Vat refund to foreign persons when acquiring goods within the eu or when importing goods

With effect from 1 January 2026, Section 83a of the VAT Act introduces a new VAT refund mechanism for foreign persons. The aim is to enable foreign persons to recover Czech VAT when carrying out certain transactions in the Czech Republic. Prior to this amendment, foreign entities that imported or acquired goods into the Czech Republic from abroad were obliged to pay VAT to the tax administrator, and its recovery was often administratively demanding. Under the new rules, VAT can be recovered through the VAT refund procedure if the goods are subsequently delivered to a VAT payer in the Czech Republic, for example. 

It should be noted that with effect from 1 January 2025, the Czech rules for the deduction of import VAT in cases where the importer is not the owner of the goods have been tightened. In accordance with the case law of the CJEU, the right to deduct import VAT is generally denied if the costs of import are not directly included in the price of subsequent taxable supplies of the importer. This leads to more imports being made directly by foreign owners. 

The new rule extends the possibility of Czech VAT refunds to a larger circle of foreign entities from non-EU countries, because compared to the previous regulations, it is no longer necessary to meet the condition of reciprocity. 

 Section 83a applies exclusively to foreign entities that are not registered as VAT payers in the Czech Republic or established in the EU. It covers situations where a foreign entity acquires goods from another EU Member State or imports goods from a third country, where the place of supply is the Czech Republic, and subsequently uses these goods for a taxable supply in the Czech Republic, for which the tax is declared by the customer under the reverse charge regime. 

Under the previous rules, these transactions usually resulted in the foreign entity being obliged to pay Czech VAT on the acquisition of goods within the EU or on importation. However, entities established in third countries could not claim an appropriate VAT deduction if the principle of reciprocity was not complied with. Currently, this principle is confirmed only for the United Kingdom, Switzerland, Norway and Bosnia and Herzegovina. 

Under the new mechanism, foreign entities can recover Czech VAT incurred in these situations without the need to register for VAT in the Czech Republic, even if the principle of reciprocity has not been met. The key condition is that the purchased or imported goods must be used within the economic activity of the foreign entity and for the purposes of subsequent taxable supply with the place of supply in the Czech Republic. In practice, this mechanism means a more efficient and proportionate way to comply with VAT obligations, especially in the case of one-off or project transactions. 

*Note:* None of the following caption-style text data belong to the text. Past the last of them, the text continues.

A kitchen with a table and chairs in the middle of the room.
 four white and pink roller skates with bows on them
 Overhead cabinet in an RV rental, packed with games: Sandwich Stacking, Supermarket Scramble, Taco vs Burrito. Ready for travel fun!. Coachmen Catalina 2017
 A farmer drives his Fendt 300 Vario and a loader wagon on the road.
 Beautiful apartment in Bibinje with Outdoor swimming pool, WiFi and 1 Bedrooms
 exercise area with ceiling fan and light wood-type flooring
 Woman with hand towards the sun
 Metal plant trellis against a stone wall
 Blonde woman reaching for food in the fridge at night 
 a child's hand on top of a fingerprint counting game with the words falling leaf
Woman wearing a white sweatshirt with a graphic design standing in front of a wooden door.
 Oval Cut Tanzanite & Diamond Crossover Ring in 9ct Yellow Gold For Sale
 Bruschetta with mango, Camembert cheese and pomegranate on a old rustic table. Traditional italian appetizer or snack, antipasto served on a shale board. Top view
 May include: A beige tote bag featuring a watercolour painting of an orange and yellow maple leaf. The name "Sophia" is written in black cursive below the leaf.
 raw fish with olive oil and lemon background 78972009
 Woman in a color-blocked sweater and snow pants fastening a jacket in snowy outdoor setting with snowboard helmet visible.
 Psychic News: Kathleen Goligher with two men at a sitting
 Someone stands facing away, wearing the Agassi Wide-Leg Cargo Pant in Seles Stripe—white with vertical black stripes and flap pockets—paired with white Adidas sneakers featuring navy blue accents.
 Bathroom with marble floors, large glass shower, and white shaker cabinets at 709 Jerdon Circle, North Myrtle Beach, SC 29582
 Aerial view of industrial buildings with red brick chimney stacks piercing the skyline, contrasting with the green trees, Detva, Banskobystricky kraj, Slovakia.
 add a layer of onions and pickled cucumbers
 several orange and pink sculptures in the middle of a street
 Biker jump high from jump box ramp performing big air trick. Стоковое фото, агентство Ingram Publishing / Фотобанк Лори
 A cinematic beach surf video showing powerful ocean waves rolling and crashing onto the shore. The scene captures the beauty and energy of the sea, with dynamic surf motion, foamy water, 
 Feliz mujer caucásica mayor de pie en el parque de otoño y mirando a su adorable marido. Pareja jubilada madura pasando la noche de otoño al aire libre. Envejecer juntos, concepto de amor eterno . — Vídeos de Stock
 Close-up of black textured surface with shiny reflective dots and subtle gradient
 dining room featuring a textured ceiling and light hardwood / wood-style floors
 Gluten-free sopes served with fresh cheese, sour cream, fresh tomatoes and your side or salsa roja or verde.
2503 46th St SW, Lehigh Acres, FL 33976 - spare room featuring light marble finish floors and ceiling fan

However, this subsequent supply must be one in respect of which the customer who is a VAT payer or who has to register for VAT in order to receive certain supplies is obliged to declare and pay tax. In practice, a domestic customer declares VAT if a foreign supplier not established in the Czech Republic provides any of the following supplies: 

  • the provision of services – such as repairs of movable property, real estate services, cultural or sporting events, catering; 
  • supply of goods with installation or assembly, if the foreign supplier is not registered as a VAT payer in  the Czech Republic; 
  • the supply of goods through networks or systems (e.g. electricity); 
  • supply of goods to a Czech VAT payer, if the foreign supplier is not registered for VAT in  the Czech Republic. 

As a result, the foreign entity does not apply Czech VAT to subsequent supplies that are subject to the reverse charge regime. The right to a VAT refund under Section 83a arises only after the subsequent supply has taken place, which determines the moment when the claim arises. 

The VAT refund application must be supported by copies of the relevant tax documents proving that the VAT has been correctly declared or paid and that the legal conditions are met. These documents include an invoice or proof of import VAT relating to the acquisition or import of goods and a tax document issued for a subsequent taxable supply in the Czech Republic. 

A foreign person is also obliged to provide an e-mail address in the application for a VAT refund. This allows the Czech tax authorities to communicate effectively regarding the application. However, if a foreign person grants a power of attorney to a Czech representative, the Czech tax authorities are obliged to communicate with this representative. 

The deadline for submitting an application begins on the first day of the second calendar month following the calendar quarter in which the subsequent taxable supply took place and ends on the last day of the calendar year following the year in which the goods were acquired from another EU Member State or imported into the Czech Republic. 

For example, if the goods are imported in March 2026 and the subsequent taxable supply is made in May 2026, the deadline for filing a refund request starts on August 1, 2026 and ends  on December 31, 2027. These deadlines are important because a late submission may be rejected. 

Any amount of VAT that is intended for refund will then be transferred electronically to the bank account provided by the foreign entity in its application. 
 
Section 83a is a clear and effective mechanism that allows foreign businesses to recover Czech VAT without having to be registered as VAT payers in the Czech Republic. The key to a successful return process is careful planning, adherence to filing deadlines, and proper documentation.